BACKGROUND
Since it was first launched, ChatGPT, a Large Language Model, has been widely used across different disciplines, particularly the medical field.
OBJECTIVE
The main aim of this review is to thoroughly assess the performance of ChatGPT in subspecialty written medical proficiency exams and comparing its distinct versions
METHODS
Distinct online databases were searched for appropriate articles that fit the intended objectives of the study: PubMed, CINAHL, and Web of Science. A group of reviewers was assembled in order to create an appropriate methodological framework for articles to be included.
RESULTS
16 articles were adopted for this review that assessed the performance of different ChatGPT versions across different subspecialty written examinations such as surgical subspecialties, and other subspecialties including neurology, orthopedics, trauma and orthopedics, core cardiology, family medicine, and dermatology.
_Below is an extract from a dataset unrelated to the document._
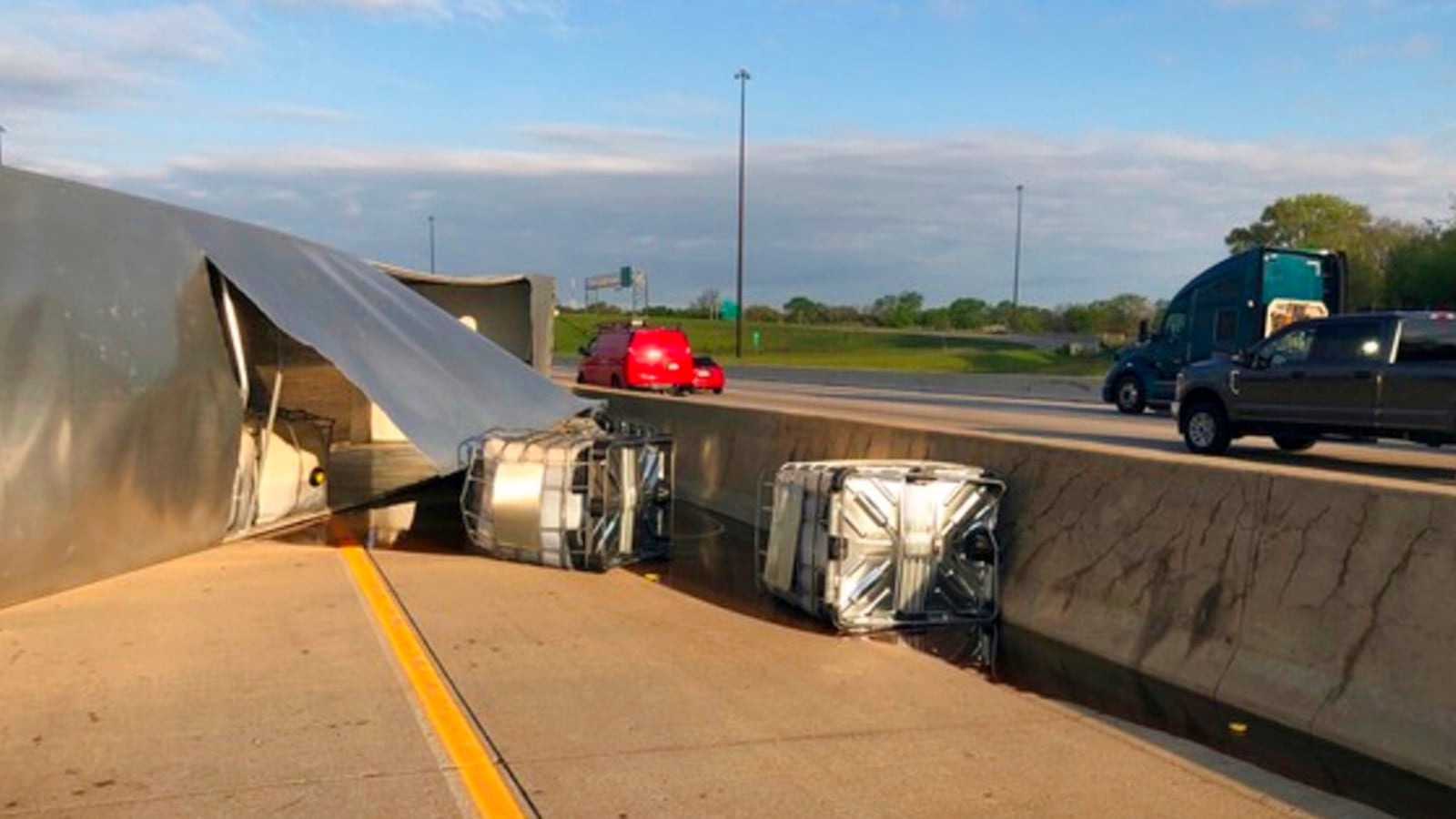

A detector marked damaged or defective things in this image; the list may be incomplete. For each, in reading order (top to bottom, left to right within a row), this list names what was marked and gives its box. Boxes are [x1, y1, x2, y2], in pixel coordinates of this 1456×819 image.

torn trailer tarp [3, 164, 591, 600]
The studies reported a distinct accuracy rate, ranging from 35.8% to 91%, across different datasets and subspecialties.
CONCLUSIONS
This review indicates that ChatGPT can be used to enhance learning, provide customized feedback, and support medical students taking a range of medical subspecialty exams. However, to avoid exploitation and any detrimental effects on the real world of medicine, it is crucial to improve the ongoing evaluation of this AI tool.